— Data for review —
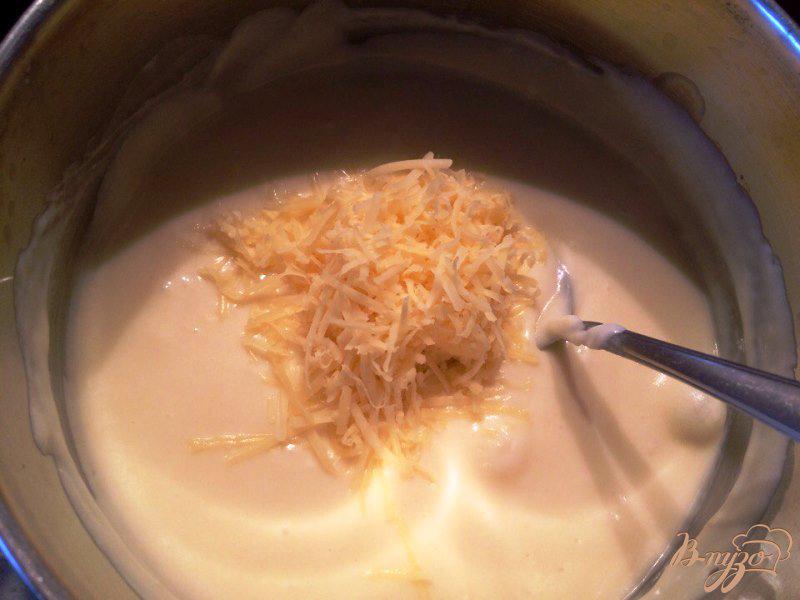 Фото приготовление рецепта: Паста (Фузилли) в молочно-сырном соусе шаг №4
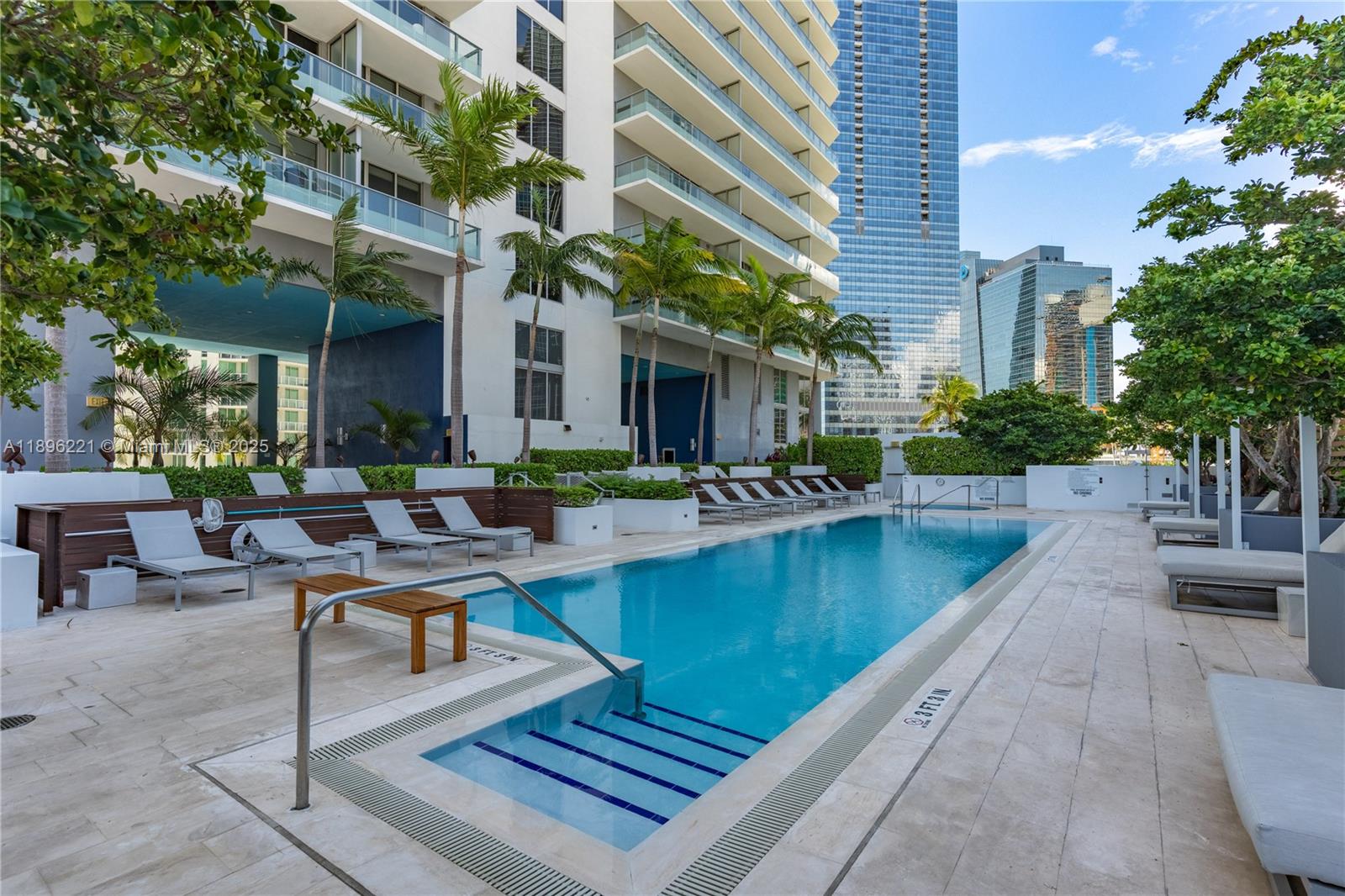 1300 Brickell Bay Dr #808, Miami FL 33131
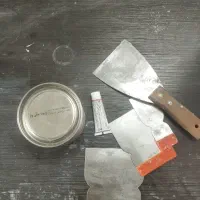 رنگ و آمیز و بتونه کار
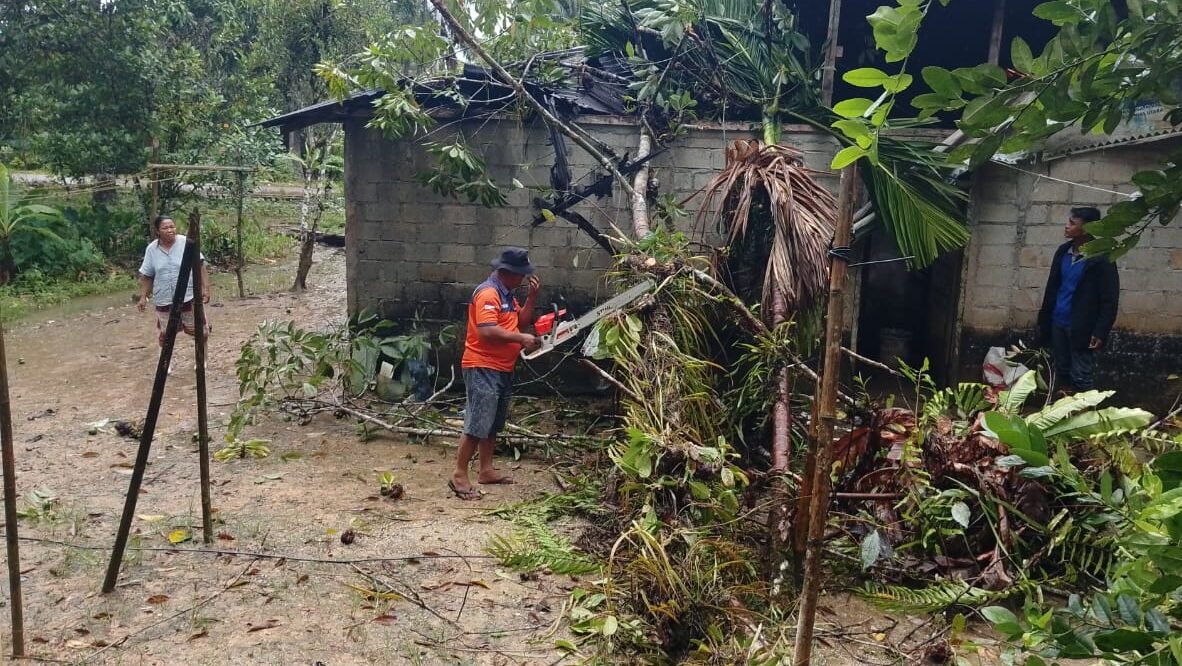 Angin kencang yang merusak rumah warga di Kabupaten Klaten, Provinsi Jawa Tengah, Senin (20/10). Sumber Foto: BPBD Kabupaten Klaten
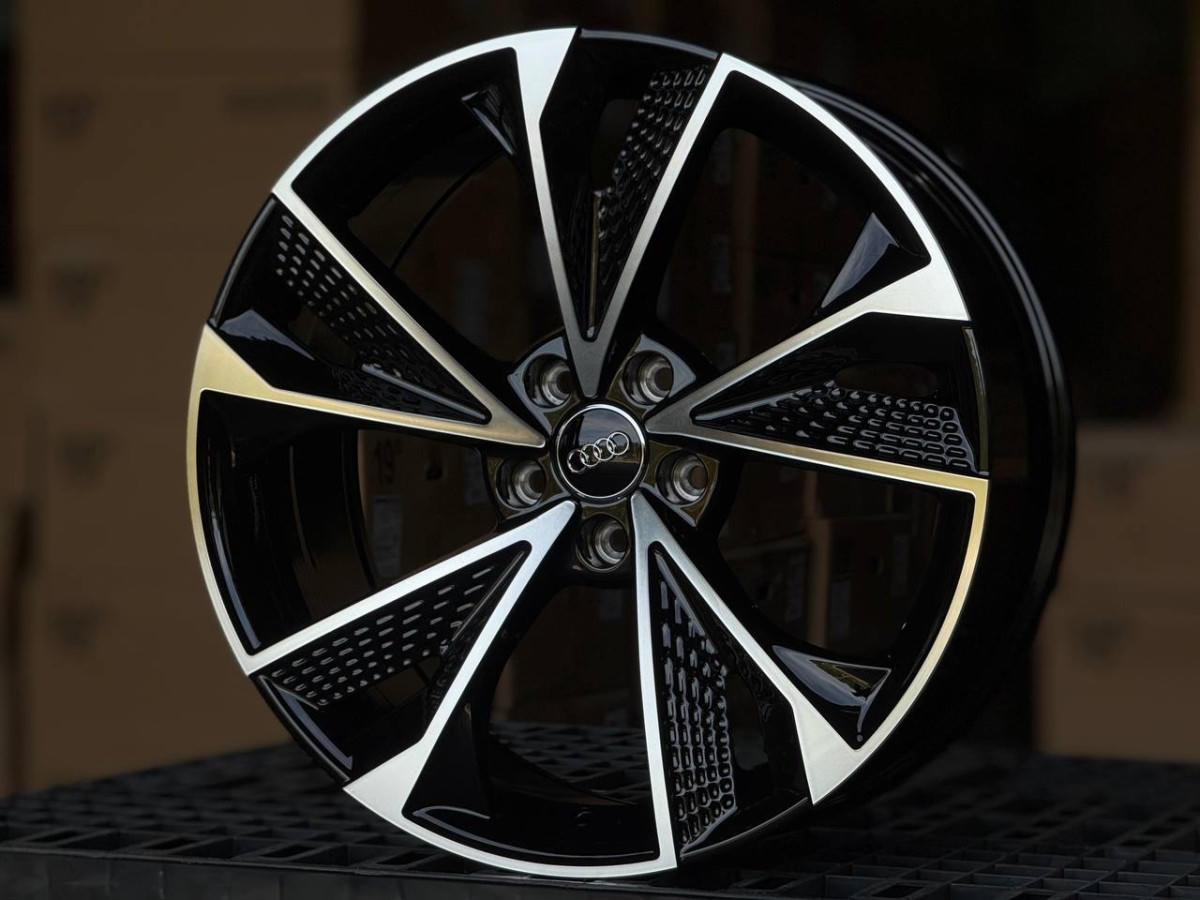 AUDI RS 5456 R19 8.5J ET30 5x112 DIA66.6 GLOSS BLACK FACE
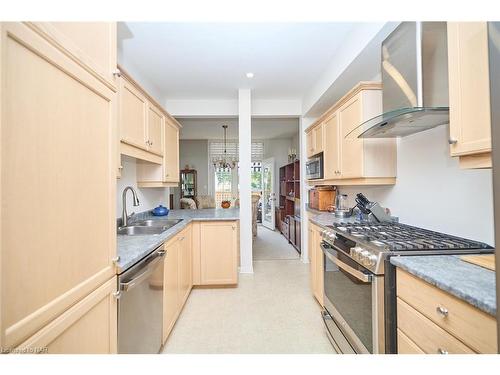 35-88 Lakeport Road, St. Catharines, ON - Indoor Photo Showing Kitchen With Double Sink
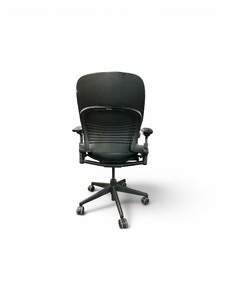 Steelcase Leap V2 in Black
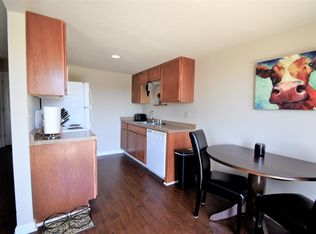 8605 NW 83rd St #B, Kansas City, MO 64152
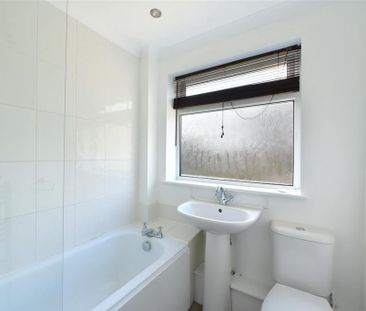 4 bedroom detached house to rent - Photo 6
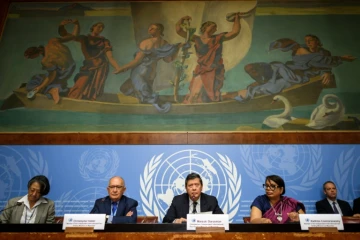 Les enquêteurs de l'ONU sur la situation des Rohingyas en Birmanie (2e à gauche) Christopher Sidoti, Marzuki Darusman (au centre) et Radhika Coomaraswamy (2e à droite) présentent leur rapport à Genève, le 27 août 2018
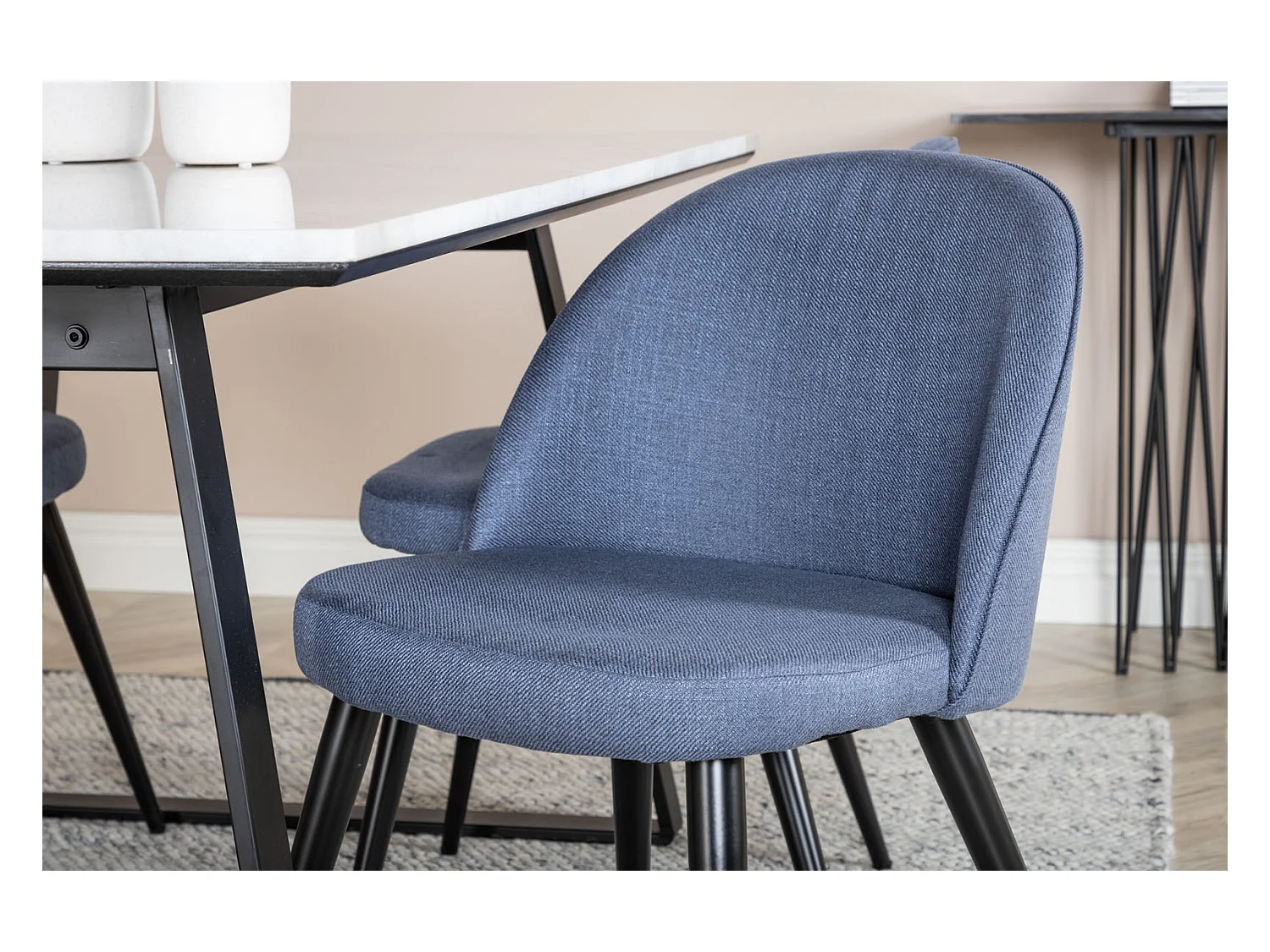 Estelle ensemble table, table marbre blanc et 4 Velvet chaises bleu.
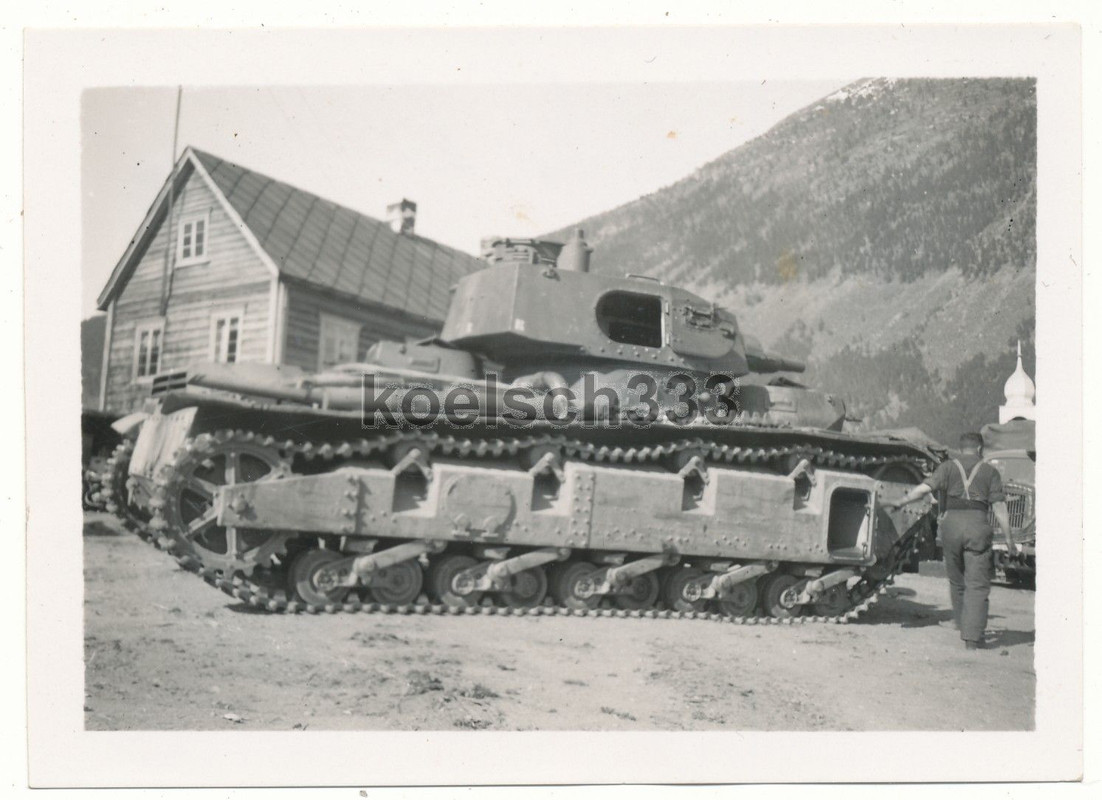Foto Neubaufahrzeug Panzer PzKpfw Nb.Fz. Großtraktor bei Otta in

— What is needed —
The output must start at the line holding "Angin kencang yang", end at the last line of the listing above, and show each line exactly; please omit all pictures.

— Expected answer —
 Angin kencang yang merusak rumah warga di Kabupaten Klaten, Provinsi Jawa Tengah, Senin (20/10). Sumber Foto: BPBD Kabupaten Klaten
 AUDI RS 5456 R19 8.5J ET30 5x112 DIA66.6 GLOSS BLACK FACE
 35-88 Lakeport Road, St. Catharines, ON - Indoor Photo Showing Kitchen With Double Sink
 Steelcase Leap V2 in Black
 8605 NW 83rd St #B, Kansas City, MO 64152
 4 bedroom detached house to rent - Photo 6
 Les enquêteurs de l'ONU sur la situation des Rohingyas en Birmanie (2e à gauche) Christopher Sidoti, Marzuki Darusman (au centre) et Radhika Coomaraswamy (2e à droite) présentent leur rapport à Genève, le 27 août 2018
 Estelle ensemble table, table marbre blanc et 4 Velvet chaises bleu.
Foto Neubaufahrzeug Panzer PzKpfw Nb.Fz. Großtraktor bei Otta in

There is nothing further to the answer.